# Plastisol transfer t-shirt order



## nottypical (May 1, 2009)

Just wondering if anyone knows what plastisol company offers plastisol transfers in a color very close to the Harley Davidson orange? I'll be using these on black shirts.

I've never ordered plastisol before and I was wondering if I can gang the chest logos together on a large sheet instead of ordering all small sheets?

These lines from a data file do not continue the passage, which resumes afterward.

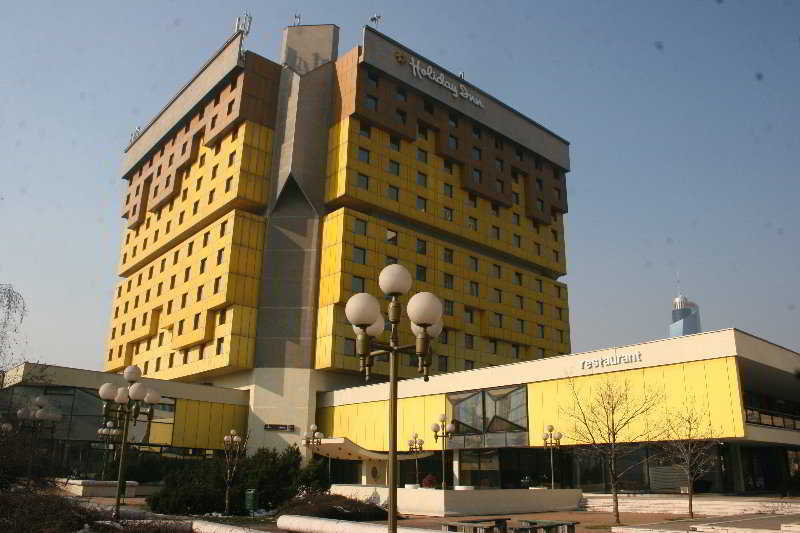 hotel Holiday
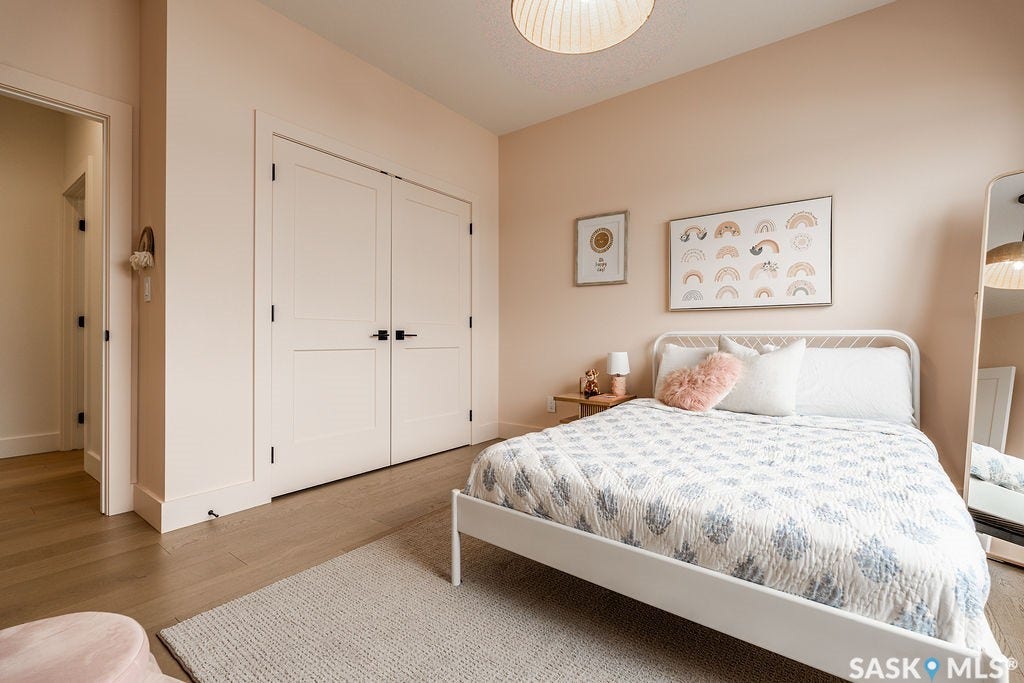 656 Pepper Bend, Saskatoon SK S7V 1T3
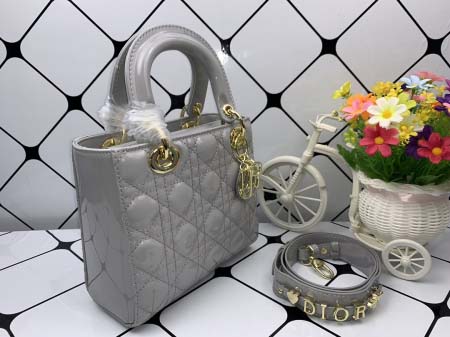 2025年6月5日入荷新作20CMx16.5CMx8CM  Lady Diorお安い/人気/革/バッグ/SY工場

Any help would be appreciated.


----------



## Liberty (Jul 18, 2006)

Most of them will do a PMS color match for you at a nominal charge.


----------



## proworlded (Oct 3, 2006)

Try www.transferexpress.com


----------



## nottypical (May 1, 2009)

proworlded said:


> Try www.transferexpress.com


Thanks I just ordered some samples. I didn't realize there were so many different kinds of plastisol transfers. WOW!!


----------



## MYDAMIT (Jan 14, 2007)

Yes they have many kind of plastisol i order some and i did nto likethe feels its like a rubber feel. Do you know what kind of plastisol that has a softfeel.


----------



## franktheprinter (Oct 5, 2008)

Hi Jess. There are many companies that can offer that color....we use it all the time at
Silver Mountain Graphics, and others like F & M
and Stahls use that color


----------